I have just had a go at doing these on a cake, I used the skewers to get the pleats but I slightly damped the cake and placed them on.

southerncross Posted 16 Aug 2011 , 1:15am
post #9 of 11

I used Albert Uster's white chocolate fondant on a cake with draping. It's the only fondant that I find soooo easy to use. I rolled out the fondant into a rectangle just like fabric and then gathered it at both ends and the folds just fell into place. I draped it on the cake and pressed the ends onto the cake with a wee bit of vodka brushed on to hold it. I'm sure if I used skewered to form the pleats it would have been even better but it just goes to show that drapes are relatively simple to do.

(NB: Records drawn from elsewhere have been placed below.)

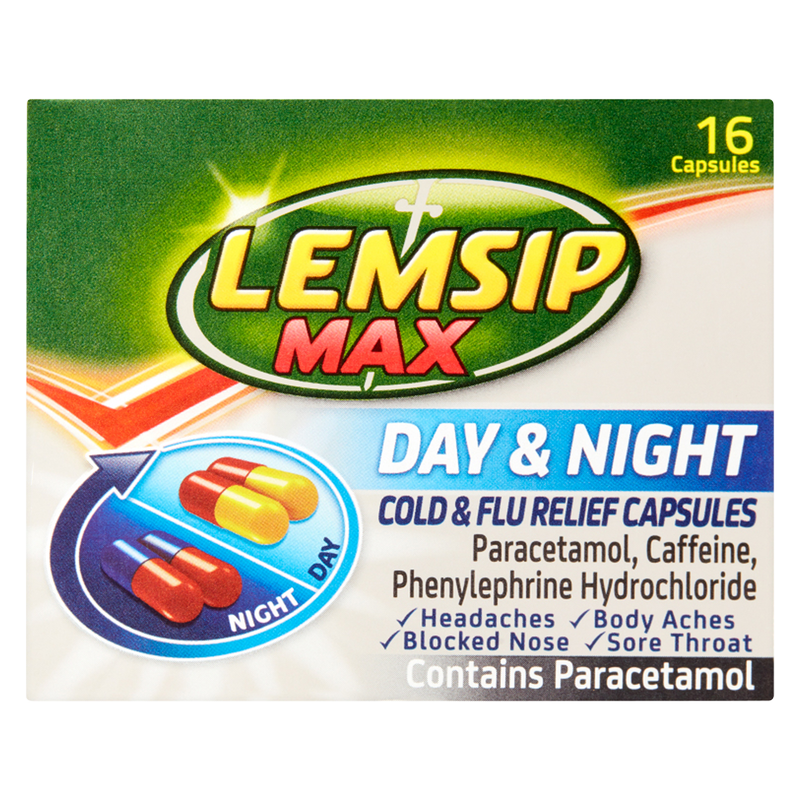 Lemsip Max Day & Night Cold & Flu Relief Capsules, 16pcs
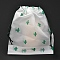 Plastic Frosted Drawstring Bags, Rectangle, Cactus Pattern, 20x16x0.02~0.2cm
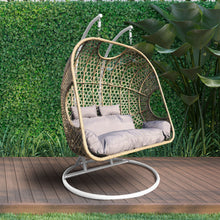 Load image into Gallery viewer, Outdoor 2 Seater Rocking Egg Chair Patio Garden - Gold and Grey
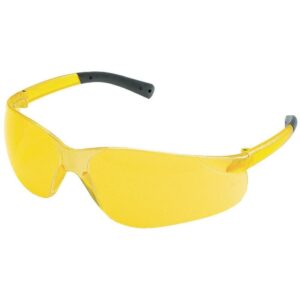 MCR Safety Glasses: Scratch-Resistant, Polycarbonate, Amber Lenses Qty 12 BK114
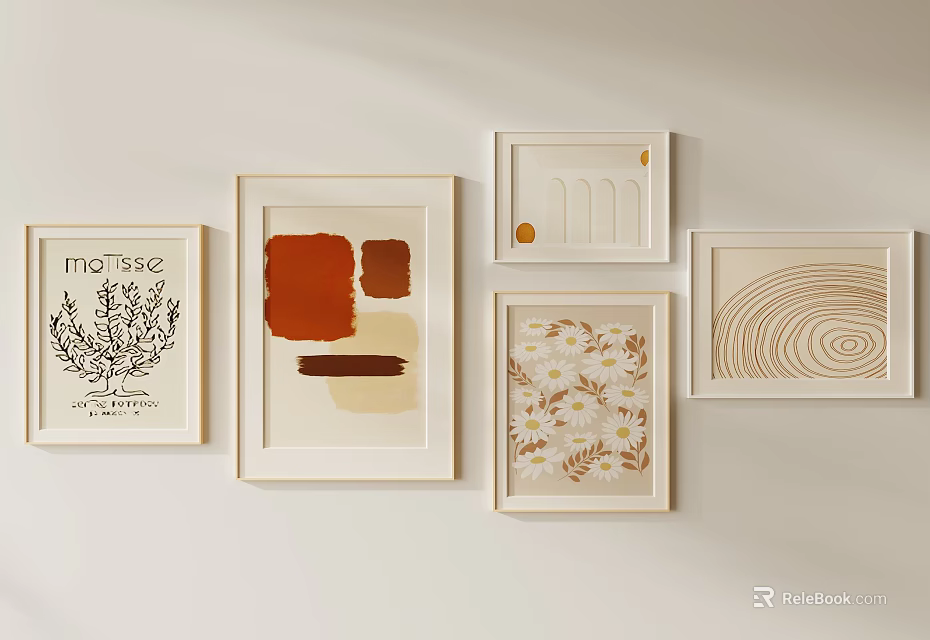 Framed Wall Artworks With Botanical Geometric Floral And Texture Patterns 3d model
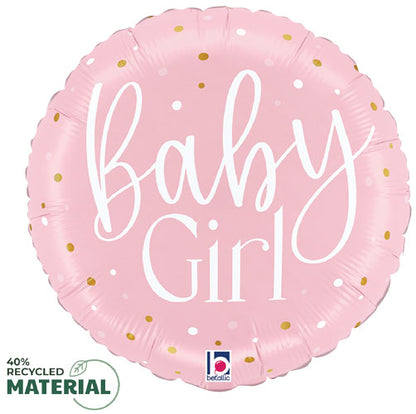 Baby Girl Pink Dots Foil Balloon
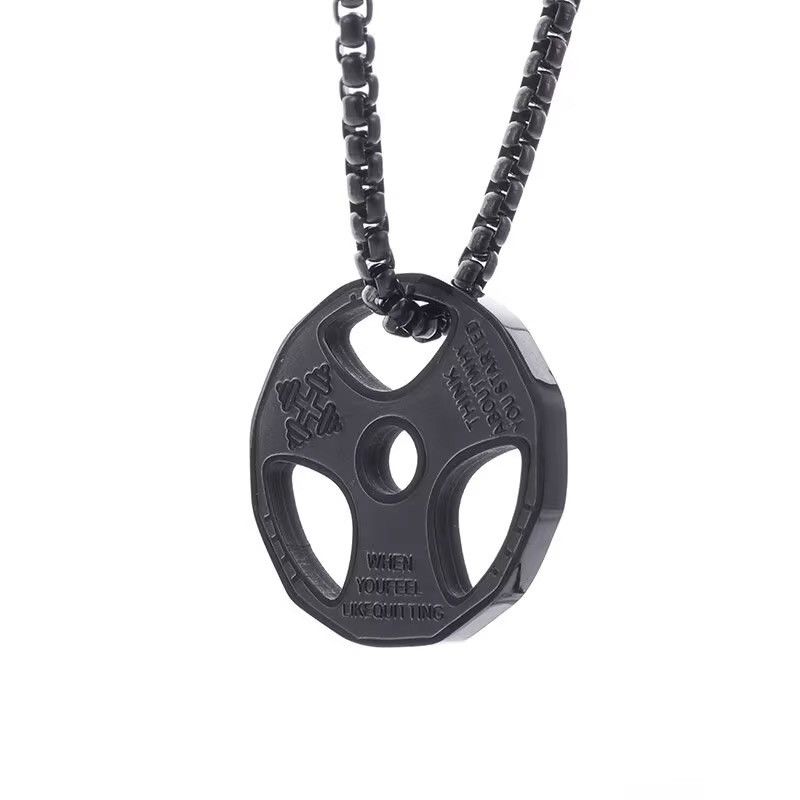 Vintage Retro Black Plate Dumbbell Necklace Size ONE SIZE - 2 Thumbnail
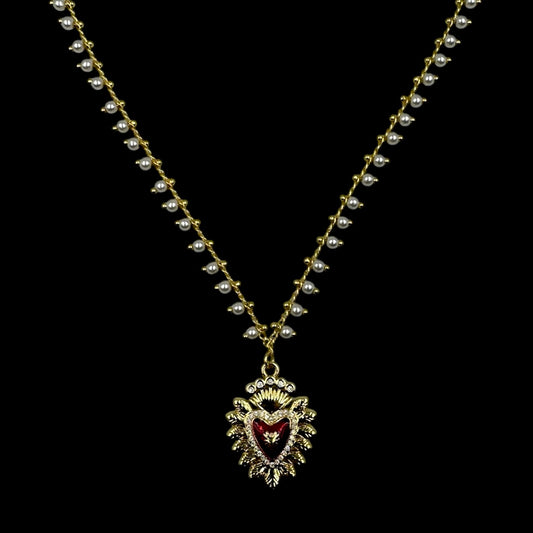 Royal Sacred Heart Pearl Choker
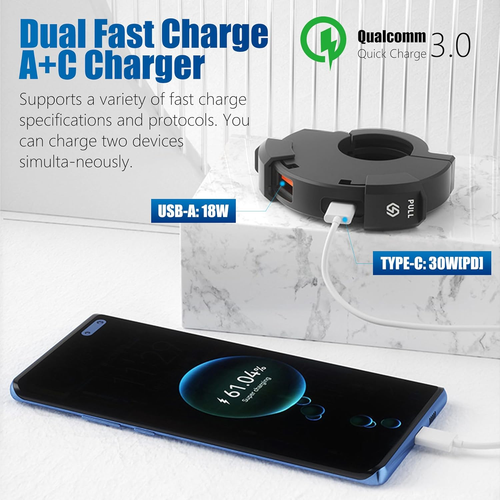 12V-24V Annular Motorcycle USB Charger, 30W+18W Quick Charge 3.0 Dual USB Motorc - Picture 5 of 12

bakingatthebeach Posted 16 Aug 2011 , 1:43am
post #10 of 11

Ive used skewers to hold the draping in the cakes with draping in my pics. I stick it through down deep into the cake and cut off the excess. Have had no issues with the draping ripping through the skewer either. For me this held better.

ycknits Posted 16 Aug 2011 , 3:41am
post #11 of 11

I cut rectangles of fondant. Fold over the very edges of the long edges of the rectangle and pin down with gumpaste glue.... kind of like putting a little rolled hem on a piece of fabric. This gives a lovely, finished edge and prevents tearing along the edges. Then I gently pull ends together, pleating it as I go to get gentle folds.

Then I attach with melted candy melts. This gives me a much stronger bond that sets up much more quickly than glue. No need to "pin" the drape. I do use gumpaste glue to attach the inside pleats of the drape directly to the cake in a few places to support its weight.